On 29 January 2016, the Irish bankruptcy term was reduced from 3 years to 1 year. This Briefing sets out further detail, and summarises recent developments in the area of bankruptcy and personal insolvency.


As signalled in our August 2015 Briefing (New Court review process available for rejected personal insolvency proposals), the Oireachtas Joint Committee on Justice, Defence and Equality recommended to the Minister for Justice and Equality that the bankruptcy term be reduced from 3 years to 1 year (it had already been reduced from 12 years to 3 years under the Personal Insolvency Act 2012).

To achieve this, the Bankruptcy (Amendment) Act 2015 was signed into law on 25 December 2015. Most of the provisions of the new Act (including the reduction in the bankruptcy term) were commenced by SI 34/2016 (Bankruptcy (Amendment) Act 2015 (Commencement) Order 2016) with effect from 29 January 2016.

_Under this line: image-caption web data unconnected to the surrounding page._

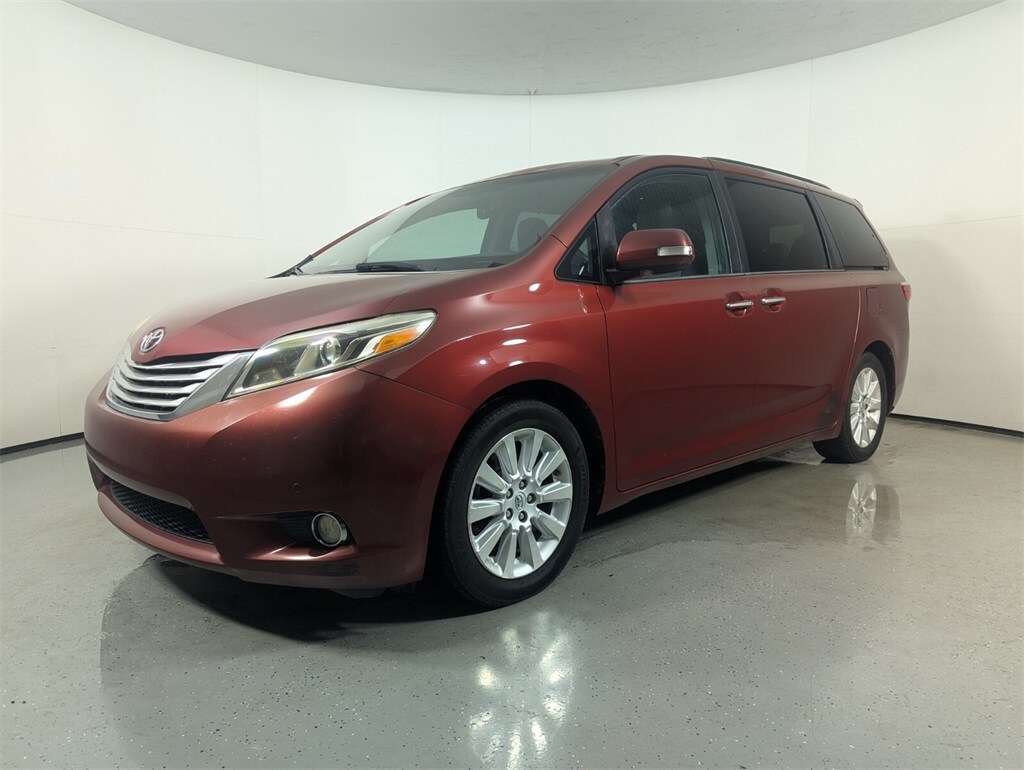 2015 Toyota Sienna L photo 3
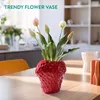 Navaris Erdbeer Vase rot - Deko Blumenvase für Fensterbank Produktbild-Vorschau 2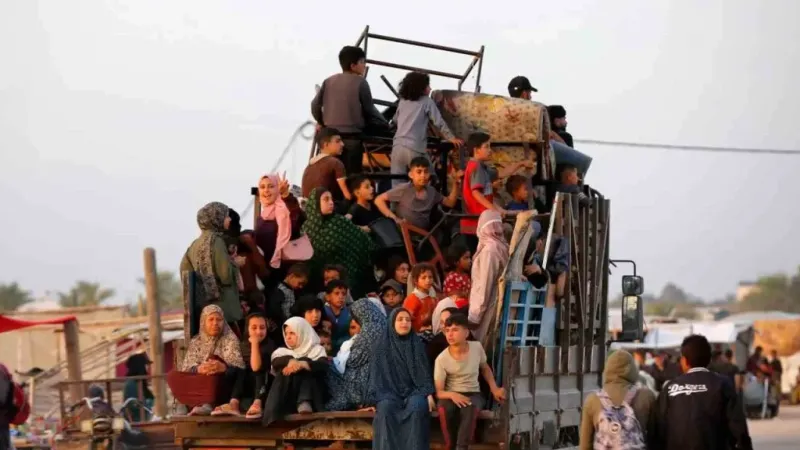 BM: "İsrail’in bombardımanı yoğunlaştırmasıyla yaklaşık 110 bin Filistinli Refah’tan ayrıldı"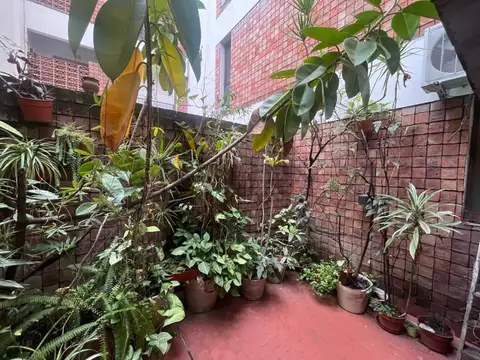 VENTA MONOAMBIENTE EN EL CENTRO DE AVELLANEDA, CON PATIO. APTO PROFESIONAL–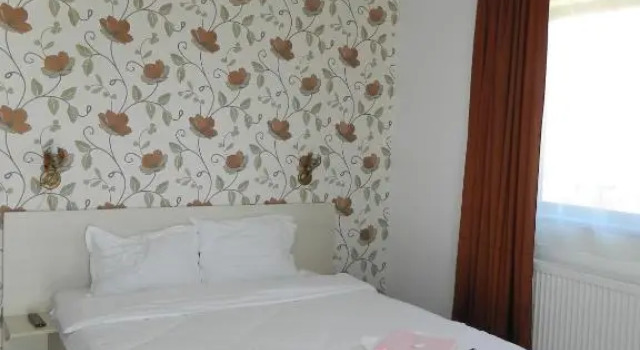 Pensiunea Dara, Rezerwuj Hotel Hotele w Prahova Valley z parkingiem, Parking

The key changes introduced by the new Act are as follows:

  • Bankruptcy term: The standard bankruptcy term is now 1 year rather than 3 years.
  • Bankruptcy Payment Order: The standard duration of a Bankruptcy Payment Order (a Court order requiring a bankrupt to make payments for the benefit of his creditors from any surplus income or assets (after deduction of reasonable living expenses)) is now 3 years rather than 5 years.
  • Bankrupt’s home: A bankrupt’s ownership in his home will (in general) transfer back to him after 3 years unless:
    • the Official Assignee applies to Court for an order for sale; or
    • the Official Assignee and the bankrupt agree otherwise; or
    • the Court orders that the home should not re-vest in the bankrupt or orders that the 3 year period be extended.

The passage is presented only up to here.